_DIRECTIONS FOR THIS TASK_: Repeat every line of the data exactly; no picture belongs in the copy.

_RECORDED INFORMATION_:
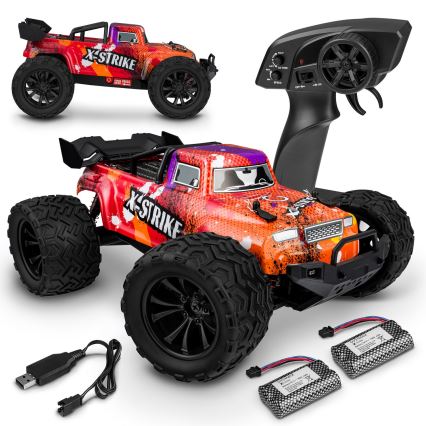 Overmax - Zdalnie sterowany samochód RC X-STRIKE, 3000 mAh, czarny/pomarańczowy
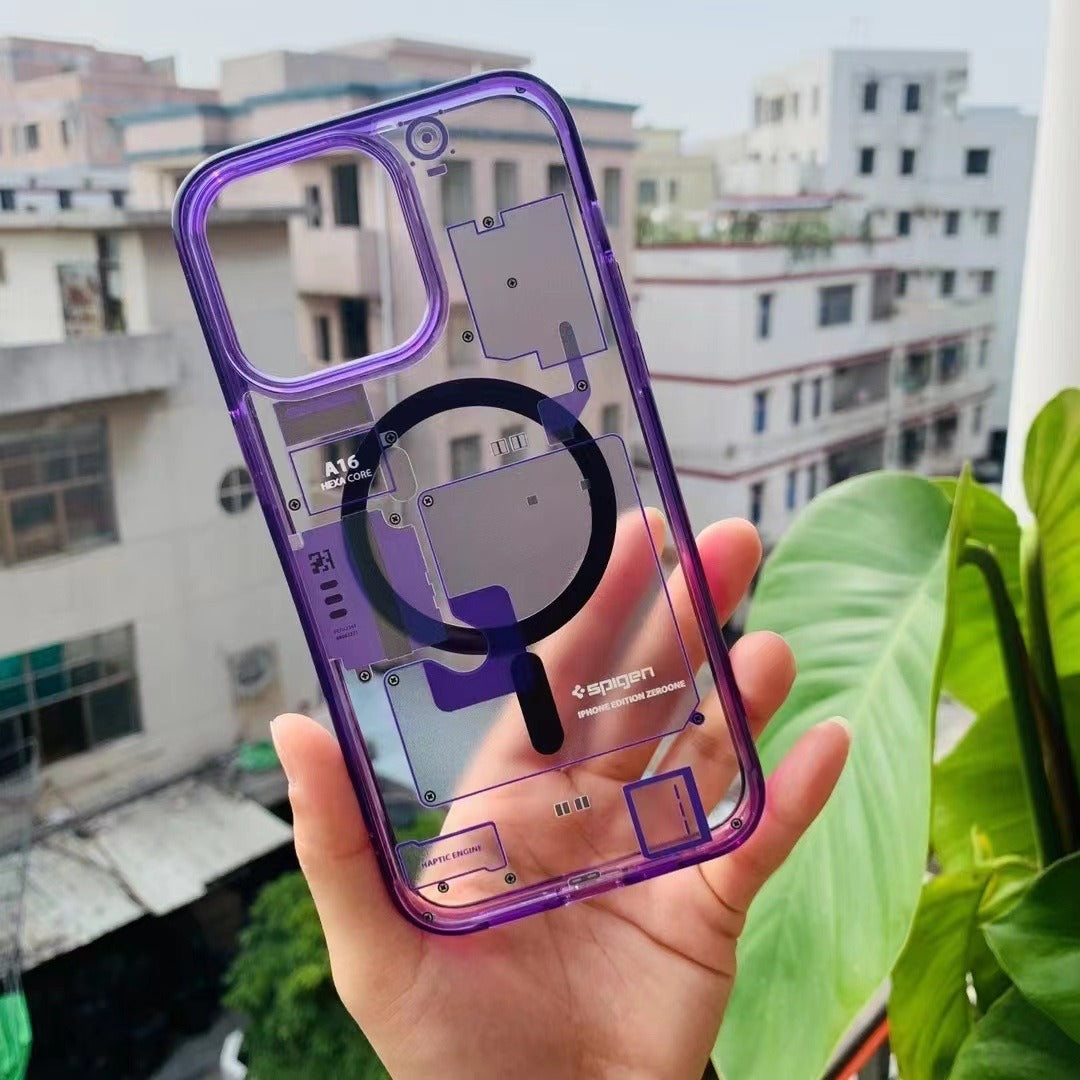 Transparent Acrylic Magnetic Phone Case for iPhone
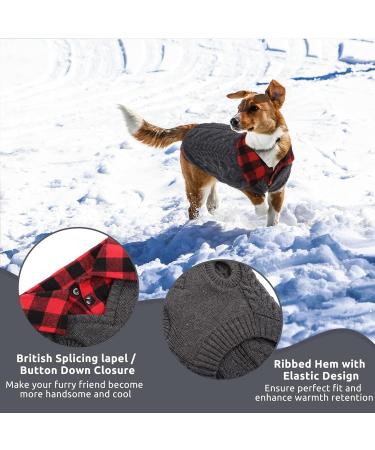 Cit toile Warm Dog Sweater - Turtleneck Knitted Puppy Clothing for Autumn & Winter | Gray XS - Stylish & Cozy Coat for Small to Medium Pets - Buy Online on GoSupps.com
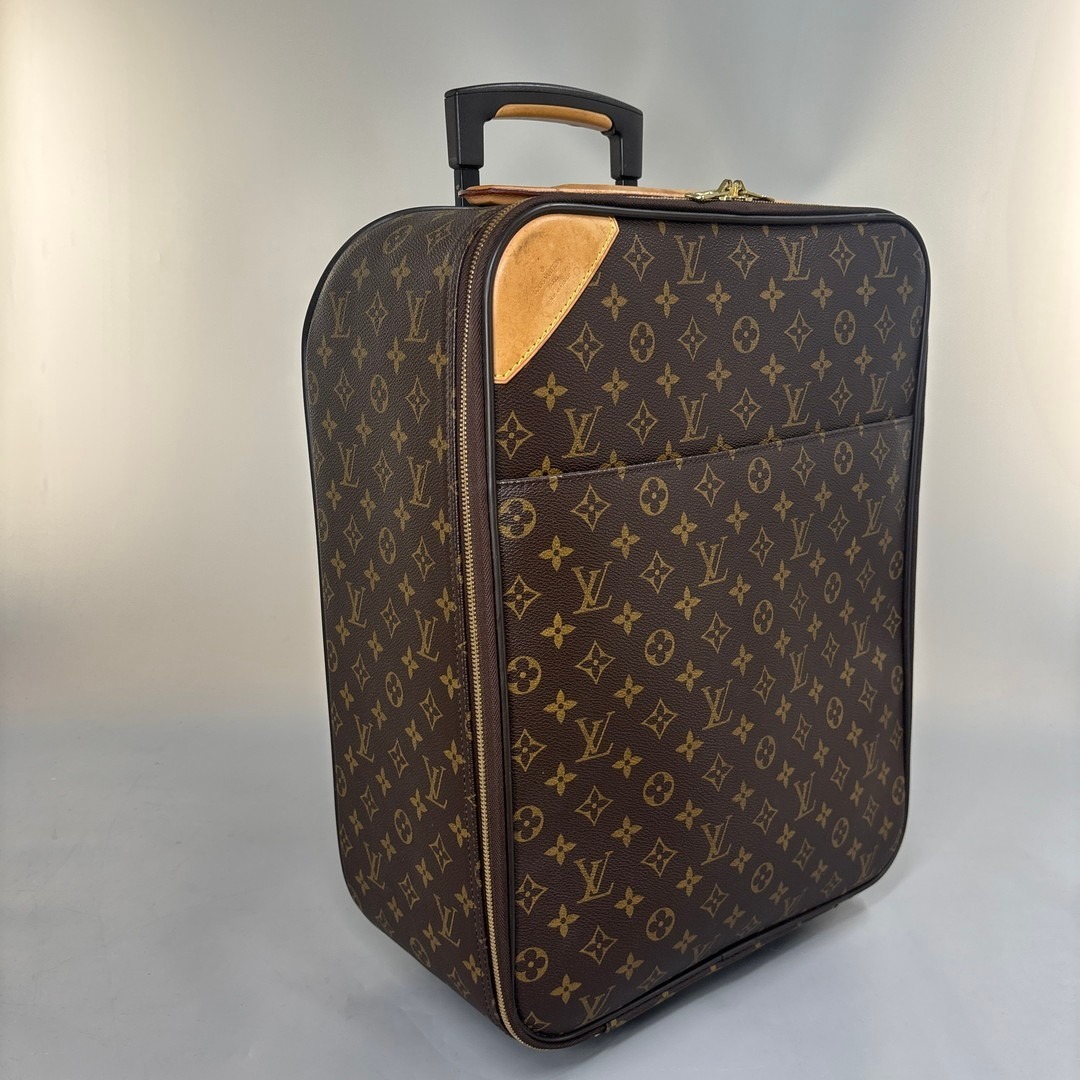 LOUIS VUITTON - 極美品 ルイヴィトン ぺガス45 モノグラム キャリー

_WRITTEN SOLUTION_:
 Overmax - Zdalnie sterowany samochód RC X-STRIKE, 3000 mAh, czarny/pomarańczowy
 Transparent Acrylic Magnetic Phone Case for iPhone
 Cit toile Warm Dog Sweater - Turtleneck Knitted Puppy Clothing for Autumn & Winter | Gray XS - Stylish & Cozy Coat for Small to Medium Pets - Buy Online on GoSupps.com
 LOUIS VUITTON - 極美品 ルイヴィトン ぺガス45 モノグラム キャリー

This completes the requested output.